I have a dataset which contains lots of data on customers and their actions within their journey through our business, one of these actions is how many of our events they have attended, another action is whether they have made a purchase from us. I am testing the hypothesis that attending an event makes someone more likely to make a purchase.
For this problem I used the following hypotheses: H_0: There is no difference in the percentage of people to make a purchase between the two groups. H_1: The percentage of people to make a purchase for those that have attended an event is higher than for those that haven't.
To test these hypothesis I produced a contingency table as shown below:
|Made a purchase||Didn't make a purchase|
|Attended an event||190||1350|
|Didn't attend an event||983||15588|
And then used the scipy.stats function 'chi2_contingency()' to do a test of independence. I thought it was right to either use the Chi-Squared test or Fisher's exact test but since the sample size is quite large then Chi-Squared was more suitable:
chistat, pvalue, dof, ex = chi2_contingency(cont_df) print(chistat, pvalue)
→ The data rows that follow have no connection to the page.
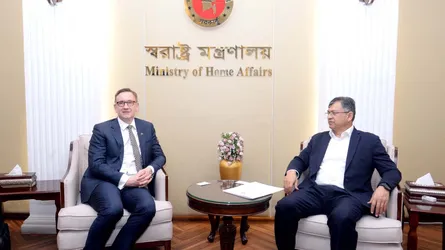 স্বরাষ্ট্রমন্ত্রীর সাথে অস্ট্রেলিয়ার সহকারী মন্ত্রীর সাক্ষাৎ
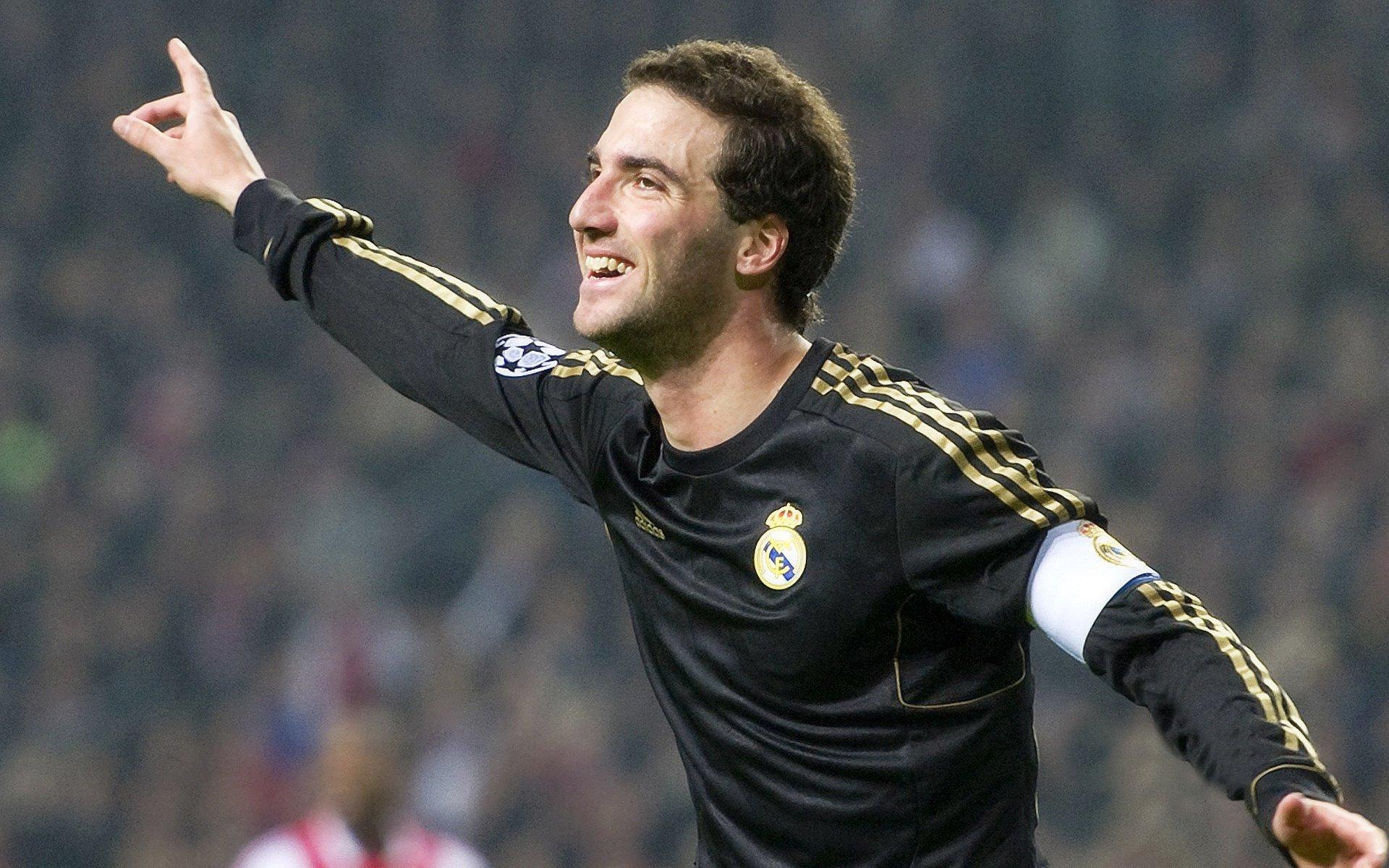 手记又一次在混合采访区看到他们，比前天更痛心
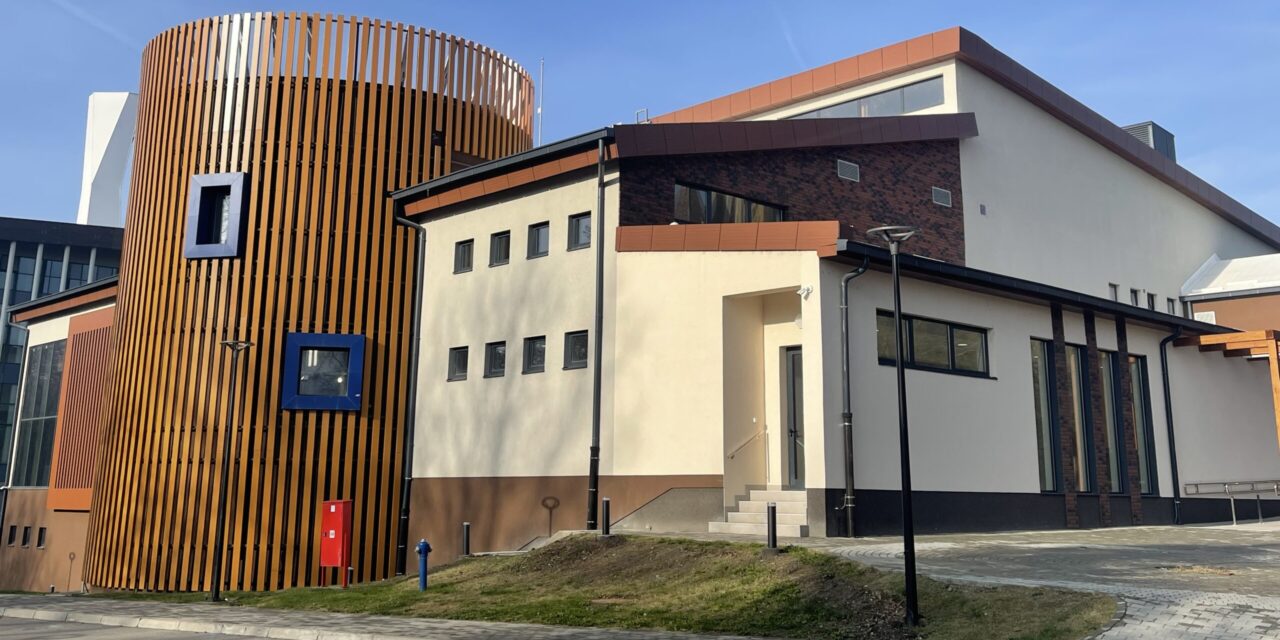 Medencetisztító robotot vásárol Topolya község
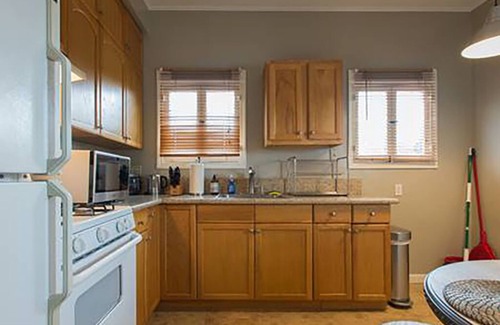 South Arroyo Apartment | Charming Apartment in the Central Pasadena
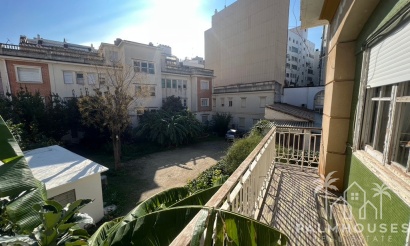 Herverkoop - Villa - Denia - Denia Centro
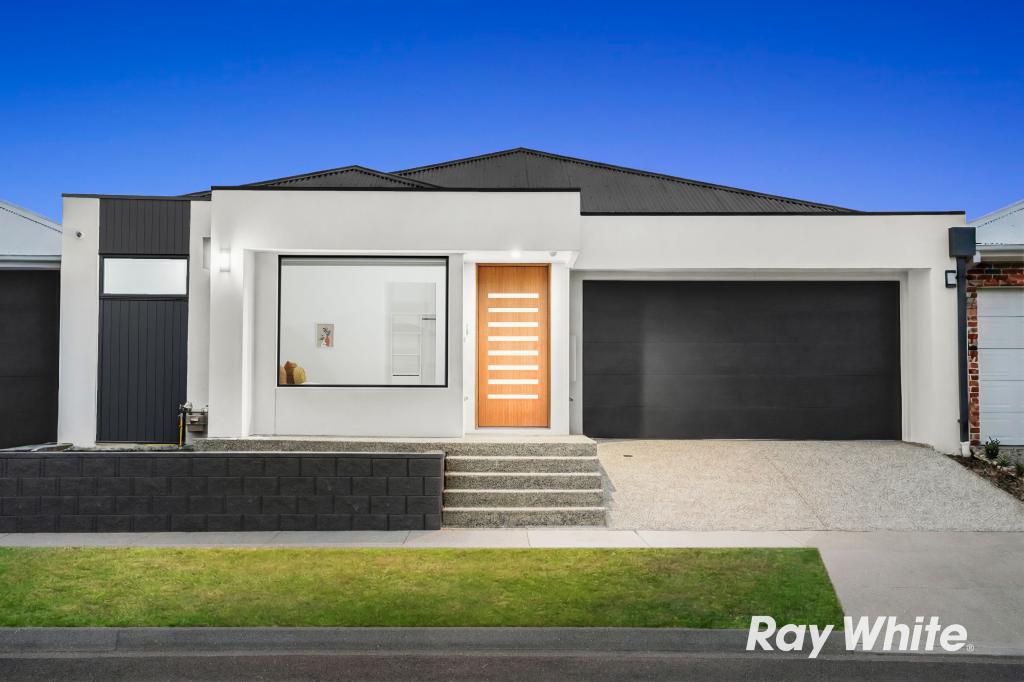 16 CERULEAN ST, WOLLERT, VIC 3750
This then gave the output:
Which I thought showed that when using significance level of 0.05 there was a statistically signifcant difference between the probability to make a trade between the group that attended an event and the group which didn't, hence rejecting the null hypothesis.
This is my first time applying hypothesis testing to a real world problem and so would appreciate if anyone could point out any flaws in my process/understanding. My main issue with it lies in the fact that people who are going to attend an event are presumably already more likely to make a purchase, so this doesn't necessarily prove any causality between the two variables. As well as this, would it not be better to have a control group which didn't even have the option of attending an event i.e. did receive an email from us advertising the event. Then performing a test using one group as those that were aware of the events, and one of those that weren't and see if there is a statistically significant difference in purchase conversion between those two groups?